If your purpose for dating is to find a spouse, be upfront and honest right off the bat. If your intentions for dating are simply to get out of the house a couple times a month and enjoy the company of another person while participating in an activity or experience, say so, and BE HONEST! Expressing your expectations from the beginning means you are not wasting your time or their’s and that is something you should both appreciate. Once you have each expressed your purpose for dating and they align and it is to find a spouse be as real and raw as you can, inquire about the work they are doing and I’m not talking about their profession, their interior work. Are they holding onto others’ expectations of themselves?
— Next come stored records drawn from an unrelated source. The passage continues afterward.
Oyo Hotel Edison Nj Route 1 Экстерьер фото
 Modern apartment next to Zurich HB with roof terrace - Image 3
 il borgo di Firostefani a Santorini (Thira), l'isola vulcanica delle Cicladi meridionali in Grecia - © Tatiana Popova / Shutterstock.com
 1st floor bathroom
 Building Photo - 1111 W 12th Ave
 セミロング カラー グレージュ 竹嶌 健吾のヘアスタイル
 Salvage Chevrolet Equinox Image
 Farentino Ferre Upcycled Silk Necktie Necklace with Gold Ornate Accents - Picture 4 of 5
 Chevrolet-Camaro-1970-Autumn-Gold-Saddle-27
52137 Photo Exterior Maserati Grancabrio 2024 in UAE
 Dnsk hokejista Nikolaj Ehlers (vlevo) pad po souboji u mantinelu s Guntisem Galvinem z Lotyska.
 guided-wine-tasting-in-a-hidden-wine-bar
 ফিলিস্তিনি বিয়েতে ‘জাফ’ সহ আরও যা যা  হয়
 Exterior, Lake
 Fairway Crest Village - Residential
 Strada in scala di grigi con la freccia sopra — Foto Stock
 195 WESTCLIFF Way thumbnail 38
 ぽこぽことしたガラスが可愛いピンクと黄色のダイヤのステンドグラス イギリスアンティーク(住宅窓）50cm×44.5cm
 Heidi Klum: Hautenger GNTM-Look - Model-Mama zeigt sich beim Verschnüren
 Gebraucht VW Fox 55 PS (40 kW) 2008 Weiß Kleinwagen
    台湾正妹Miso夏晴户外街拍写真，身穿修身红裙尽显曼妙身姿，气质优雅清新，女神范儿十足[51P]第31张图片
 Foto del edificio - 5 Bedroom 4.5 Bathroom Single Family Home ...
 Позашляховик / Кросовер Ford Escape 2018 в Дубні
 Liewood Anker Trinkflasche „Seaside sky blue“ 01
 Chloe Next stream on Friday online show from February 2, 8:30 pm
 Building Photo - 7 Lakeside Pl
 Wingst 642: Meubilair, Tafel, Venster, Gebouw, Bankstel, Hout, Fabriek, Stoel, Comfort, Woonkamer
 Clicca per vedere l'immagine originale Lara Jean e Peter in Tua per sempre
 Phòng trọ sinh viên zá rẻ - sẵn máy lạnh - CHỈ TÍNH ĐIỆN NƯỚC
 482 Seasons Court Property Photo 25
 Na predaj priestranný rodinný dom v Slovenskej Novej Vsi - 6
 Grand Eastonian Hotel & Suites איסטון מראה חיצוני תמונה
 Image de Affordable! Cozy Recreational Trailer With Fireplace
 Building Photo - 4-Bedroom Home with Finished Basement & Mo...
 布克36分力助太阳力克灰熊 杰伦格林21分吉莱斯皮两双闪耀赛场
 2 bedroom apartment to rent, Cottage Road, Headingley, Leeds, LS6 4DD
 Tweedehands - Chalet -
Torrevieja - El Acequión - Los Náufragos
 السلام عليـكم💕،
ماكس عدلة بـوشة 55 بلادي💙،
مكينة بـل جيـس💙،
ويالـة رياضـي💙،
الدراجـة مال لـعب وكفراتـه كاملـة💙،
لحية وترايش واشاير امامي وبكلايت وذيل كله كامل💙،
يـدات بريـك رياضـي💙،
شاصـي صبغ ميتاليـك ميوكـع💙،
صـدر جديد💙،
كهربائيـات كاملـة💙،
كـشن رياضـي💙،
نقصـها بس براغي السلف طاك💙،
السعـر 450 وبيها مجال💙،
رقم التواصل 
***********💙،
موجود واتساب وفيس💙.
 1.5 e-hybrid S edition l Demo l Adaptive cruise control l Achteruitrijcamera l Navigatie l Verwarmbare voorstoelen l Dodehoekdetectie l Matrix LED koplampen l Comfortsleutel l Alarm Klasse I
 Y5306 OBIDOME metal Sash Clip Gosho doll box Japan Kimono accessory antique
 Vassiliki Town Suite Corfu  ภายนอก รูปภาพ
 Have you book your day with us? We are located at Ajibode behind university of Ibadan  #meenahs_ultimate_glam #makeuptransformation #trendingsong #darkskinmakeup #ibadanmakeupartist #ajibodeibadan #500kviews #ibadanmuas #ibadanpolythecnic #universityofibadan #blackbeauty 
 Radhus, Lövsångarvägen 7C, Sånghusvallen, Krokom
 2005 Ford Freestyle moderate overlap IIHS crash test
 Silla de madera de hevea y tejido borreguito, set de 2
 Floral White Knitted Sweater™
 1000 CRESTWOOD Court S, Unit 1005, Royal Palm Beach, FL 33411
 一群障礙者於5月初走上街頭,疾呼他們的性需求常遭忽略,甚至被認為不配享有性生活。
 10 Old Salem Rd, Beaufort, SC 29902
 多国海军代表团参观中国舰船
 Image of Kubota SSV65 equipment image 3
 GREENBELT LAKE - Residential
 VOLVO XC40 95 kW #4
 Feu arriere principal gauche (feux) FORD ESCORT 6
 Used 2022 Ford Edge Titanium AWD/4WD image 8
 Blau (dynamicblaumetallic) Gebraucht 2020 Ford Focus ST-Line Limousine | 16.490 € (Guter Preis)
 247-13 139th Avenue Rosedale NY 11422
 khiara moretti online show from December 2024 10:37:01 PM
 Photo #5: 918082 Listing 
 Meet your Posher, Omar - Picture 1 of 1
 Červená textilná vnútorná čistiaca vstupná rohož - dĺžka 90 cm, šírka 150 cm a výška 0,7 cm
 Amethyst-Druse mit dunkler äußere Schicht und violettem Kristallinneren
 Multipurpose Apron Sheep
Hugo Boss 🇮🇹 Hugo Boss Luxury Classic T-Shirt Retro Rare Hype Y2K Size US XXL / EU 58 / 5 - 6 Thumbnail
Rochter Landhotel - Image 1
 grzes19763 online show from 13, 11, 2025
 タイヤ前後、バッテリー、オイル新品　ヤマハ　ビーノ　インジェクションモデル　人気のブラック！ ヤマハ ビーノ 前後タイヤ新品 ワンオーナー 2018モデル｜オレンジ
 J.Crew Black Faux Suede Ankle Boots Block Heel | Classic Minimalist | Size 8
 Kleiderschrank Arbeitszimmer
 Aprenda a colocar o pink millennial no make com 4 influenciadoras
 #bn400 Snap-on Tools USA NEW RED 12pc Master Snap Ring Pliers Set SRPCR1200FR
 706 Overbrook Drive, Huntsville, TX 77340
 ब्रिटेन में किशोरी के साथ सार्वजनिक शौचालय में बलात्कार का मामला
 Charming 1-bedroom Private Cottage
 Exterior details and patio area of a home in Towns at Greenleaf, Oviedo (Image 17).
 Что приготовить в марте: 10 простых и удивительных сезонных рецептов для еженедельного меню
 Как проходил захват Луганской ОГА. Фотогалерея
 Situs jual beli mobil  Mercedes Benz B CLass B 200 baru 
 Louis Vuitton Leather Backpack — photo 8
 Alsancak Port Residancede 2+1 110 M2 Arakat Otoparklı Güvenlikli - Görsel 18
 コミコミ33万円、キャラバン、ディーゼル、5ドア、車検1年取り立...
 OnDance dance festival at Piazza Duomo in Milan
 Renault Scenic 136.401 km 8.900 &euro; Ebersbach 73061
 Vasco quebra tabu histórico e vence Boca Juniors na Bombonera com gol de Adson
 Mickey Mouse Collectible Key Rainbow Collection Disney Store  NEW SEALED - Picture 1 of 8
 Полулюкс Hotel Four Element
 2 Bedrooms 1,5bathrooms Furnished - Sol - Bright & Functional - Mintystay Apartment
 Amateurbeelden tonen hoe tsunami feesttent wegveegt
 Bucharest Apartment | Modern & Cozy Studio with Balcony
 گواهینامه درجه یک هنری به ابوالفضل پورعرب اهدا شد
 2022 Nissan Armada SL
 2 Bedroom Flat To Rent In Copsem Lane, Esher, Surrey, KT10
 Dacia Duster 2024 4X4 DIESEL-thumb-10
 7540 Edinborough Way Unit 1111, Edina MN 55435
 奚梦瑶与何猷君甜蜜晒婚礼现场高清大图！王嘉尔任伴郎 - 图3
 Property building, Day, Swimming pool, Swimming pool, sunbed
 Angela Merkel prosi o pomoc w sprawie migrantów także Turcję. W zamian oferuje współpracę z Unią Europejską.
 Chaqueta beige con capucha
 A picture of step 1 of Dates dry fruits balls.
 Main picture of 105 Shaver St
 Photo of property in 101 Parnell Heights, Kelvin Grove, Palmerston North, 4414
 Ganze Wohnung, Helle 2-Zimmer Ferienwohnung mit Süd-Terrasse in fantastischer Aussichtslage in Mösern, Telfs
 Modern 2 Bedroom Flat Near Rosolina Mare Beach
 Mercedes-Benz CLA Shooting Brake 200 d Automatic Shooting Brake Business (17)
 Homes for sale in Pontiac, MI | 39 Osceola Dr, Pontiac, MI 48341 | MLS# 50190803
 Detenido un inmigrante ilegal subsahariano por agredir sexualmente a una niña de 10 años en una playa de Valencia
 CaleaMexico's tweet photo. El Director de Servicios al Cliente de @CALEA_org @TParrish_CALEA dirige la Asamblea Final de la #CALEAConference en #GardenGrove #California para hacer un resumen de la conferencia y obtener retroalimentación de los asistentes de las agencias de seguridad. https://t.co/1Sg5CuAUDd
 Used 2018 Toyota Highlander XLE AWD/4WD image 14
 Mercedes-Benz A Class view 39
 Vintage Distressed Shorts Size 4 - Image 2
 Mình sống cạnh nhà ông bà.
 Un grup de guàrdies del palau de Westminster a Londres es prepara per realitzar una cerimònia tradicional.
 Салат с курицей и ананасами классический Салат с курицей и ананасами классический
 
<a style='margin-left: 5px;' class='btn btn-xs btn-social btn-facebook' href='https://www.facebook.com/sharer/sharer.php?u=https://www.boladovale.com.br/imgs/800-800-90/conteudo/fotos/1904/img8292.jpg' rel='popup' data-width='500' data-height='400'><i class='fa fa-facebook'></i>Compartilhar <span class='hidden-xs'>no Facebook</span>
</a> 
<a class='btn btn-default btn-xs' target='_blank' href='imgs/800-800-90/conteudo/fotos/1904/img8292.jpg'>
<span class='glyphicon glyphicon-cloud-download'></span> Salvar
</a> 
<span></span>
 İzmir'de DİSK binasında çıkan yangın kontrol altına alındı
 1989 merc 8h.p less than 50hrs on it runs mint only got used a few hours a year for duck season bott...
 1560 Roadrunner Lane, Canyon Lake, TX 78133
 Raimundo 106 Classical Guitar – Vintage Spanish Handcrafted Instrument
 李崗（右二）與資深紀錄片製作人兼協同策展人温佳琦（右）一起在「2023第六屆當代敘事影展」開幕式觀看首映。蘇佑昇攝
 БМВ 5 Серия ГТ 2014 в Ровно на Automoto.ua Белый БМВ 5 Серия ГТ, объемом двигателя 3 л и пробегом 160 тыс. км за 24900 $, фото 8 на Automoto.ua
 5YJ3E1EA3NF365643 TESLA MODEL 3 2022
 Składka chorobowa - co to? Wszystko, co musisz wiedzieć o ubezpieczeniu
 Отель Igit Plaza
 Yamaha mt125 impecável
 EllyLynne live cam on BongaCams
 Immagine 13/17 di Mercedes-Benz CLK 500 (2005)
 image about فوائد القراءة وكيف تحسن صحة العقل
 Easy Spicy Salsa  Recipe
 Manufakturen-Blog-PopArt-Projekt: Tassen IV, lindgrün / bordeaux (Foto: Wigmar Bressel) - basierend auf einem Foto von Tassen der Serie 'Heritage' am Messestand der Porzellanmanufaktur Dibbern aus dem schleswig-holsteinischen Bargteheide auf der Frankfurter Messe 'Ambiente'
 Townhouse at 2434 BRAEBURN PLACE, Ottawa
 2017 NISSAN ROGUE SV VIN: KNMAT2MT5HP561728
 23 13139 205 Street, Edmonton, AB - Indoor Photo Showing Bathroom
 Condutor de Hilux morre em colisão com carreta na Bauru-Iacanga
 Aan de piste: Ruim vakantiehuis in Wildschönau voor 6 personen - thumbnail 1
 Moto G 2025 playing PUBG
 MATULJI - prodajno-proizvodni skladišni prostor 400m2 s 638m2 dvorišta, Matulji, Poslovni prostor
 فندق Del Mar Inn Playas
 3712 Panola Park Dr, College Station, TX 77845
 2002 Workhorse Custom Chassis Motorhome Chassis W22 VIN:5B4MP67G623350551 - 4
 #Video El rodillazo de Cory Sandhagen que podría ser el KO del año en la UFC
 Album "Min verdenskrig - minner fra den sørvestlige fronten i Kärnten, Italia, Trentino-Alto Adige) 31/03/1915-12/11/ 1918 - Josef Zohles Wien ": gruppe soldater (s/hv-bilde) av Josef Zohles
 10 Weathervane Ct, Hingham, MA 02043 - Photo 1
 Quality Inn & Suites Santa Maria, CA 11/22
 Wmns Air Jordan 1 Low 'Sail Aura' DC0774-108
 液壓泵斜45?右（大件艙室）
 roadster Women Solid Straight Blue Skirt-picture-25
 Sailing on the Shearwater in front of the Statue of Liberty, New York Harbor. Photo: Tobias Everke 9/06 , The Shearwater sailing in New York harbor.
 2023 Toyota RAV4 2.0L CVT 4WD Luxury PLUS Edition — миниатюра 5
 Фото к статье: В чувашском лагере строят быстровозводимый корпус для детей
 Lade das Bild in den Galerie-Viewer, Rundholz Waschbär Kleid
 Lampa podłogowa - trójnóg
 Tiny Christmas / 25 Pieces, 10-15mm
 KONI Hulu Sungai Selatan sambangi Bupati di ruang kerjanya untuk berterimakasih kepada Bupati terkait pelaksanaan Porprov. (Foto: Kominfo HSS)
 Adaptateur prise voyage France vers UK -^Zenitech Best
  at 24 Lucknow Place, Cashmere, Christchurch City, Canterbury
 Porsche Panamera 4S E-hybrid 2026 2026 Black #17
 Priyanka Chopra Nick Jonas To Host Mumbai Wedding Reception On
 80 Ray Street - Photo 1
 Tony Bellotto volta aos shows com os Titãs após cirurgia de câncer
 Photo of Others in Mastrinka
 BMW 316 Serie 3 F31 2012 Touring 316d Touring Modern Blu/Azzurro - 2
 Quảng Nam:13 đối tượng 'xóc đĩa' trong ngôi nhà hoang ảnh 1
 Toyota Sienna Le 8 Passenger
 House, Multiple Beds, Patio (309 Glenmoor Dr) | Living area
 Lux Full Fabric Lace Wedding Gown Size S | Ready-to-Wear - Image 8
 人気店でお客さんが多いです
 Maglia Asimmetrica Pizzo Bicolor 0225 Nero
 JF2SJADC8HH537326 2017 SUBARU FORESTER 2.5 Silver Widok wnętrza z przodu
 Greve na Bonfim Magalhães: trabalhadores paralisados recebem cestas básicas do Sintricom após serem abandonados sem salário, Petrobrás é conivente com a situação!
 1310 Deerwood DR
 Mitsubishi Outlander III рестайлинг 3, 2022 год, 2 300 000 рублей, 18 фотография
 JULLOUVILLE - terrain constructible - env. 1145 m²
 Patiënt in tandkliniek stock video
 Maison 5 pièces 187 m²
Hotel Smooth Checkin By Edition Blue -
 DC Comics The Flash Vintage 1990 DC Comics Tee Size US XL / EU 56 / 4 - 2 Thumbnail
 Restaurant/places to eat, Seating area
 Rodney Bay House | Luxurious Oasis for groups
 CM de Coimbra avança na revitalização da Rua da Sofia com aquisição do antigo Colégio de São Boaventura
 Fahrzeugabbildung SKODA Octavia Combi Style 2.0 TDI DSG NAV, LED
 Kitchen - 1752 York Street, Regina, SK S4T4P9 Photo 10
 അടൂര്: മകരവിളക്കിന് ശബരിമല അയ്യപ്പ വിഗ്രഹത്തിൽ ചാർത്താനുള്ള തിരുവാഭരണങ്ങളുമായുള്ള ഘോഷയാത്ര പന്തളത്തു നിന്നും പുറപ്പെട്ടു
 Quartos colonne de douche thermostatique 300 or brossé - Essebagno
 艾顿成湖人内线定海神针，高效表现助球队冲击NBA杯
Fulfilling the role others want of them? Do they want to get married because the culture says it is what they should do now, do they feel pressure from family or friends? Talk about any trauma or abuse, how did they work through that, have they worked through that? What would they say are triggers they are currently working on? What is their relationship with social media? Discuss boundaries, how would they define boundaries? How do they establish boundaries with their parents family and friends? What do they think a spouse’s role should be in a marriage? (If they mention happiness, RUN!) Only once you have honest answers to these questions will all the others be answered, including finances, religion, and politics. If someone knows who they truly are, their inner self, they know if they have misplaced happiness in material goods and perhaps spend too much, they know if they are struggling with addiction and what the triggers are, perhaps their anxiety escalates when on social media and are going cold turkey. Bottomline, you know when someone is doing the work and when they’re not, and often, the one key element that will really solidify the answer, time! Give it time, a person can only keep up a charade for so long.
You will know you have found someone who has done the hard work because there will not be the insecurities, need for control, or manipulation, for you to fulfill a void or hole within them, and a beautiful intimacy can occur when two individuals both know who they are!